Top of Record excerpts

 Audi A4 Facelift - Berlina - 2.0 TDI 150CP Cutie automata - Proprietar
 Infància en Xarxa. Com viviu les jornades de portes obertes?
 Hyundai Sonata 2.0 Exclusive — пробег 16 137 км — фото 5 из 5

Bottom of Record excerpts
Top of Record excerpts

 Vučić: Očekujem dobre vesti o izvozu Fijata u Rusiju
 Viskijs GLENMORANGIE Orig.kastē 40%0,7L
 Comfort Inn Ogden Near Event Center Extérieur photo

Bottom of Record excerpts

_What this task involves_
Give back, exactly as written, the stretch from the line with "Vučić: Očekujem dobre" through the line with "Comfort Inn Ogden", and no other lines from the records above.

_Result for this task_
 Vučić: Očekujem dobre vesti o izvozu Fijata u Rusiju
 Viskijs GLENMORANGIE Orig.kastē 40%0,7L
 Comfort Inn Ogden Near Event Center Extérieur photo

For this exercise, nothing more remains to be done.